**About this exercise**
Exact copies of all the lines below are required.

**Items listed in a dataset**

********

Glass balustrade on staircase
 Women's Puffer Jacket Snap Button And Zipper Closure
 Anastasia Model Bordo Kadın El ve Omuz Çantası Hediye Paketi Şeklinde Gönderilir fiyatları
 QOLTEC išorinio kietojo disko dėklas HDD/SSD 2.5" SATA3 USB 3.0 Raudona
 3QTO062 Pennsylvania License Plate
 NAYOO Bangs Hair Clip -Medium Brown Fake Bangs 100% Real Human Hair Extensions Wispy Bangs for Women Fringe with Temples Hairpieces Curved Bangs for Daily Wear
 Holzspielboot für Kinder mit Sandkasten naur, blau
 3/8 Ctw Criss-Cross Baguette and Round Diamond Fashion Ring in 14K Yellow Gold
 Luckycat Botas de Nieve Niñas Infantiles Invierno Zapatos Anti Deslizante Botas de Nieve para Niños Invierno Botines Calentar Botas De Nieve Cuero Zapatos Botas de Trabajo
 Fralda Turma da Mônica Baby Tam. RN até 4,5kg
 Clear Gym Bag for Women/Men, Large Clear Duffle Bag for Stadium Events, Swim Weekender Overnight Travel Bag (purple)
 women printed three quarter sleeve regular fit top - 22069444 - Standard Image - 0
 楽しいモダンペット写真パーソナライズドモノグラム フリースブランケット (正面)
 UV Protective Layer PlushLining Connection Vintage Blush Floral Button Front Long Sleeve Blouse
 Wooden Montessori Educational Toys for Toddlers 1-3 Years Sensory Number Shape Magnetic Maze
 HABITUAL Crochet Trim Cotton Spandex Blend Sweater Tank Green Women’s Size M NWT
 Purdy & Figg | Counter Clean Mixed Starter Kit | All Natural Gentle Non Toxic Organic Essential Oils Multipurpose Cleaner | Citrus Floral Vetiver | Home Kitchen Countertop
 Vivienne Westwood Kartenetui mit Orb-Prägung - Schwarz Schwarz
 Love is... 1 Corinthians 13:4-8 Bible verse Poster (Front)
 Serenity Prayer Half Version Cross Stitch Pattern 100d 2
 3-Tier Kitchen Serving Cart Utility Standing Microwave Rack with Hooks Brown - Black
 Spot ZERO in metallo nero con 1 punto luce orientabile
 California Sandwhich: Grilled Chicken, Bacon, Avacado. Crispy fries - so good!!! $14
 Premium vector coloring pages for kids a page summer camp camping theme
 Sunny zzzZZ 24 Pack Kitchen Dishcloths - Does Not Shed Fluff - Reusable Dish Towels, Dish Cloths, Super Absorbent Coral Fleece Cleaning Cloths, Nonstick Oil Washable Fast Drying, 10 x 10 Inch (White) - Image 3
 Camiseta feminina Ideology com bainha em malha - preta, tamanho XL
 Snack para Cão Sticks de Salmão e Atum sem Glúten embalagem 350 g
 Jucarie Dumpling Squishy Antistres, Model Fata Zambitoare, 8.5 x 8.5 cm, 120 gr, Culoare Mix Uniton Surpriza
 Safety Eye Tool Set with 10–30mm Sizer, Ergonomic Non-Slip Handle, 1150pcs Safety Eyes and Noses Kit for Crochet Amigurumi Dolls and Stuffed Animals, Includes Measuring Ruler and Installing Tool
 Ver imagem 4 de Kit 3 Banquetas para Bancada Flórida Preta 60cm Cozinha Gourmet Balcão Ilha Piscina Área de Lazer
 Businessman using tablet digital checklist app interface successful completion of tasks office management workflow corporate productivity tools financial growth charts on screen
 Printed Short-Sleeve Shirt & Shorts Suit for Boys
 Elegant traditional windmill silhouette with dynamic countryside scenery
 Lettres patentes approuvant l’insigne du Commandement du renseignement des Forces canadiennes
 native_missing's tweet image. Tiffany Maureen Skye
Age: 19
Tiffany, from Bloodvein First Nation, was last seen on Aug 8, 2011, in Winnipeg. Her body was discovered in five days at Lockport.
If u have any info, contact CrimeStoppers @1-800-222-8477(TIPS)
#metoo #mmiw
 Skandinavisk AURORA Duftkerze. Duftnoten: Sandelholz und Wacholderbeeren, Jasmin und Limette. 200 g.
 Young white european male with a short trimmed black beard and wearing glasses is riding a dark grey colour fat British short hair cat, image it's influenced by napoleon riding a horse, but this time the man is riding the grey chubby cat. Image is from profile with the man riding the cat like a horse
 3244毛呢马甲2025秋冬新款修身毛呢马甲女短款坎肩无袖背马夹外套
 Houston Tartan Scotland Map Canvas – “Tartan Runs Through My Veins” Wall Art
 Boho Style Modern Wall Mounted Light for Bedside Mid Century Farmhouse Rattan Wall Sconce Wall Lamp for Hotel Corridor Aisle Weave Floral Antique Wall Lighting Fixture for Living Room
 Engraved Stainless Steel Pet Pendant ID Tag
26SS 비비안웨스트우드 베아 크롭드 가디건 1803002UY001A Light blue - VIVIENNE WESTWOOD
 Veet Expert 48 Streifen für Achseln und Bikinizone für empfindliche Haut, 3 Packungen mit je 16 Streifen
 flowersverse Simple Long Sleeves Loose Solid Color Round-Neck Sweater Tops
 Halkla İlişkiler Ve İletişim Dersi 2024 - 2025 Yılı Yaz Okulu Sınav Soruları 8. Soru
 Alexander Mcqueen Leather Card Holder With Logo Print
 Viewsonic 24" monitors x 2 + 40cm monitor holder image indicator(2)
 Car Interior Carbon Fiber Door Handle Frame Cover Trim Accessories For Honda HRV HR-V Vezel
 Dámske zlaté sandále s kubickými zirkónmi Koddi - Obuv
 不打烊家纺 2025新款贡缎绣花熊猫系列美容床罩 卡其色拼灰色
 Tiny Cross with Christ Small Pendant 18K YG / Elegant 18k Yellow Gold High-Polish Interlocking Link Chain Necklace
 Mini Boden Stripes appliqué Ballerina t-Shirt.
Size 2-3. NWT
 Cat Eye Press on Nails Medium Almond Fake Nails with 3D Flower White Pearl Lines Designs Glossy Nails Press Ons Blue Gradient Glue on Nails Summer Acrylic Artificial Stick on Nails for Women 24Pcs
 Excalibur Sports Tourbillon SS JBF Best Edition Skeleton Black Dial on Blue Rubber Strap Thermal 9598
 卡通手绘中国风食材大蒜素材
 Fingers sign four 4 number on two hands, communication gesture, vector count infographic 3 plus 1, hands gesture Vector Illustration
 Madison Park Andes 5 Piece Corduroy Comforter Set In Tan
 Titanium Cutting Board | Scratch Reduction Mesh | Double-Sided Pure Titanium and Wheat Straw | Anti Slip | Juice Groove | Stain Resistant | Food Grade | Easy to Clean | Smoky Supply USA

********

**Answer section**
Glass balustrade on staircase
 Women's Puffer Jacket Snap Button And Zipper Closure
 Anastasia Model Bordo Kadın El ve Omuz Çantası Hediye Paketi Şeklinde Gönderilir fiyatları
 QOLTEC išorinio kietojo disko dėklas HDD/SSD 2.5" SATA3 USB 3.0 Raudona
 3QTO062 Pennsylvania License Plate
 NAYOO Bangs Hair Clip -Medium Brown Fake Bangs 100% Real Human Hair Extensions Wispy Bangs for Women Fringe with Temples Hairpieces Curved Bangs for Daily Wear
 Holzspielboot für Kinder mit Sandkasten naur, blau
 3/8 Ctw Criss-Cross Baguette and Round Diamond Fashion Ring in 14K Yellow Gold
 Luckycat Botas de Nieve Niñas Infantiles Invierno Zapatos Anti Deslizante Botas de Nieve para Niños Invierno Botines Calentar Botas De Nieve Cuero Zapatos Botas de Trabajo
 Fralda Turma da Mônica Baby Tam. RN até 4,5kg
 Clear Gym Bag for Women/Men, Large Clear Duffle Bag for Stadium Events, Swim Weekender Overnight Travel Bag (purple)
 women printed three quarter sleeve regular fit top - 22069444 - Standard Image - 0
 楽しいモダンペット写真パーソナライズドモノグラム フリースブランケット (正面)
 UV Protective Layer PlushLining Connection Vintage Blush Floral Button Front Long Sleeve Blouse
 Wooden Montessori Educational Toys for Toddlers 1-3 Years Sensory Number Shape Magnetic Maze
 HABITUAL Crochet Trim Cotton Spandex Blend Sweater Tank Green Women’s Size M NWT
 Purdy & Figg | Counter Clean Mixed Starter Kit | All Natural Gentle Non Toxic Organic Essential Oils Multipurpose Cleaner | Citrus Floral Vetiver | Home Kitchen Countertop
 Vivienne Westwood Kartenetui mit Orb-Prägung - Schwarz Schwarz
 Love is... 1 Corinthians 13:4-8 Bible verse Poster (Front)
 Serenity Prayer Half Version Cross Stitch Pattern 100d 2
 3-Tier Kitchen Serving Cart Utility Standing Microwave Rack with Hooks Brown - Black
 Spot ZERO in metallo nero con 1 punto luce orientabile
 California Sandwhich: Grilled Chicken, Bacon, Avacado. Crispy fries - so good!!! $14
 Premium vector coloring pages for kids a page summer camp camping theme
 Sunny zzzZZ 24 Pack Kitchen Dishcloths - Does Not Shed Fluff - Reusable Dish Towels, Dish Cloths, Super Absorbent Coral Fleece Cleaning Cloths, Nonstick Oil Washable Fast Drying, 10 x 10 Inch (White) - Image 3
 Camiseta feminina Ideology com bainha em malha - preta, tamanho XL
 Snack para Cão Sticks de Salmão e Atum sem Glúten embalagem 350 g
 Jucarie Dumpling Squishy Antistres, Model Fata Zambitoare, 8.5 x 8.5 cm, 120 gr, Culoare Mix Uniton Surpriza
 Safety Eye Tool Set with 10–30mm Sizer, Ergonomic Non-Slip Handle, 1150pcs Safety Eyes and Noses Kit for Crochet Amigurumi Dolls and Stuffed Animals, Includes Measuring Ruler and Installing Tool
 Ver imagem 4 de Kit 3 Banquetas para Bancada Flórida Preta 60cm Cozinha Gourmet Balcão Ilha Piscina Área de Lazer
 Businessman using tablet digital checklist app interface successful completion of tasks office management workflow corporate productivity tools financial growth charts on screen
 Printed Short-Sleeve Shirt & Shorts Suit for Boys
 Elegant traditional windmill silhouette with dynamic countryside scenery
 Lettres patentes approuvant l’insigne du Commandement du renseignement des Forces canadiennes
 native_missing's tweet image. Tiffany Maureen Skye
Age: 19
Tiffany, from Bloodvein First Nation, was last seen on Aug 8, 2011, in Winnipeg. Her body was discovered in five days at Lockport.
If u have any info, contact CrimeStoppers @1-800-222-8477(TIPS)
#metoo #mmiw
 Skandinavisk AURORA Duftkerze. Duftnoten: Sandelholz und Wacholderbeeren, Jasmin und Limette. 200 g.
 Young white european male with a short trimmed black beard and wearing glasses is riding a dark grey colour fat British short hair cat, image it's influenced by napoleon riding a horse, but this time the man is riding the grey chubby cat. Image is from profile with the man riding the cat like a horse
 3244毛呢马甲2025秋冬新款修身毛呢马甲女短款坎肩无袖背马夹外套
 Houston Tartan Scotland Map Canvas – “Tartan Runs Through My Veins” Wall Art
 Boho Style Modern Wall Mounted Light for Bedside Mid Century Farmhouse Rattan Wall Sconce Wall Lamp for Hotel Corridor Aisle Weave Floral Antique Wall Lighting Fixture for Living Room
 Engraved Stainless Steel Pet Pendant ID Tag
26SS 비비안웨스트우드 베아 크롭드 가디건 1803002UY001A Light blue - VIVIENNE WESTWOOD
 Veet Expert 48 Streifen für Achseln und Bikinizone für empfindliche Haut, 3 Packungen mit je 16 Streifen
 flowersverse Simple Long Sleeves Loose Solid Color Round-Neck Sweater Tops
 Halkla İlişkiler Ve İletişim Dersi 2024 - 2025 Yılı Yaz Okulu Sınav Soruları 8. Soru
 Alexander Mcqueen Leather Card Holder With Logo Print
 Viewsonic 24" monitors x 2 + 40cm monitor holder image indicator(2)
 Car Interior Carbon Fiber Door Handle Frame Cover Trim Accessories For Honda HRV HR-V Vezel
 Dámske zlaté sandále s kubickými zirkónmi Koddi - Obuv
 不打烊家纺 2025新款贡缎绣花熊猫系列美容床罩 卡其色拼灰色
 Tiny Cross with Christ Small Pendant 18K YG / Elegant 18k Yellow Gold High-Polish Interlocking Link Chain Necklace
 Mini Boden Stripes appliqué Ballerina t-Shirt.
Size 2-3. NWT
 Cat Eye Press on Nails Medium Almond Fake Nails with 3D Flower White Pearl Lines Designs Glossy Nails Press Ons Blue Gradient Glue on Nails Summer Acrylic Artificial Stick on Nails for Women 24Pcs
 Excalibur Sports Tourbillon SS JBF Best Edition Skeleton Black Dial on Blue Rubber Strap Thermal 9598
 卡通手绘中国风食材大蒜素材
 Fingers sign four 4 number on two hands, communication gesture, vector count infographic 3 plus 1, hands gesture Vector Illustration
 Madison Park Andes 5 Piece Corduroy Comforter Set In Tan
 Titanium Cutting Board | Scratch Reduction Mesh | Double-Sided Pure Titanium and Wheat Straw | Anti Slip | Juice Groove | Stain Resistant | Food Grade | Easy to Clean | Smoky Supply USA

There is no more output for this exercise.